土に親しむ機会づくり、新旧住民の交流の場

 休耕田の有効活用と新旧住民の交流の場の提供を目的として始まった私たちの取り組みは、今年で13年目を迎える。チューリップ畑には10種類7万3000球が植え付けられ、オーソドックスな品種から珍しい品種まで、色や形が様々なチューリップが咲いている。
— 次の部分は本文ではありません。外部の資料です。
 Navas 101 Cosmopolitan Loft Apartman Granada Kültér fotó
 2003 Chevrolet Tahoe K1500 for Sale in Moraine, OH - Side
町民の参加協力をもとに、心のふれあいと美しいまちづくりを展開してきたが、5年、10年を見据えた長期的な計画が実を結び、近年は家族、先生と児童生徒、職場の団体などで植え付けから花の切り取り、球根の掘り取りまで、花が咲くチューリップ祭りの期間だけでなく、年間を通じ広場では、人々の笑い声が咲き誇っている。
 恒例のチューリップ祭りは、土に親しむ機会づくり、新旧住民の交流の場づくり、他地域の人々が自然な形で訪れる場として楽しい催しとなり、所期の目的は十分に達成することができたと考える。


チューリップの花言葉「博愛・おもいやり」

 毎年、実行委員が保育園児や小中学校の児童生徒に、球根の植え方、花の切り取り方、球根の掘り取り方を指導している。保育園児や小中学校の児童生徒からは、「球根の植え方を教えてくれてありがとう」「自分の家でもクロッカス、ヒヤシンス、スイセンを植えました」「春になるのが楽しみです」などお礼の手紙が届き、チューリップの花言葉「博愛・おもいやり」どおり、子どもたちの心にも花が咲き大変嬉しく思う。
 連作で疲れた畑土の天地返し、夏から緑肥用の牧草播き、堆肥や肥料の投入、追肥、消毒、除草剤の散布、賛助会員の募集や区割りなど、チューリップを美しく咲かせるには、みんなでよい土壌をつくるのはもちろんのこと、寒い冬に耐えなければ花芽さえ持たない。多くの方にチューリップを見ていただき、咲いた美しさに感動していただいただけで、実行委員としては喜ばしいが、保育園児、小中学校の児童生徒の手紙を読み、咲かせるまでの努力や苦労を思ってもらい、チューリップと同様、まちづくりも良い土壌を育てれば、子どもたち一人ひとりが、夢を持ち未来を展望できると子どもたちに教えられたような気がした。


今後の活動

 町内を見渡すとチューリップ祭りを始めた頃にくらべて、休耕田や遊休農地に、景観形成作物が多く見受けられるようになった。また、町民の庭先にはチューリップなどが植えられ、通行する人の目を楽しませる。通りにはあじさい、さるすべり、さざんかなどいろいろな種類の花が季節を変えては、町民を楽しませてくれる。町の南白亀川沿いには、桜が植栽され10年、20年先が楽しみである。地道な花の咲くまちづくりが実を結び、町民に輪が広がってきている。
 また、花のまちづくりは単なる景観形成ではなく、町民の環境の意識の高まりにも貢献し、地域のゴミゼロ運動や海岸清掃なども活動が活発になり、ゴミを捨てる人も少なくなってきた。
 私たちは、今後も、より花の咲く明るく美しく住みよいまちづくりに努め、地域でできる景観形成の方法を検討したり、家のまわりをできるだけきれいにする美化運動を推進したりしながら、チューリップづくりと同様に、「白子町」という土壌づくりに努め、子どもから大人までが、立派に花を咲かせることができるようにまちづくりに少しでも貢献していきたいと考える。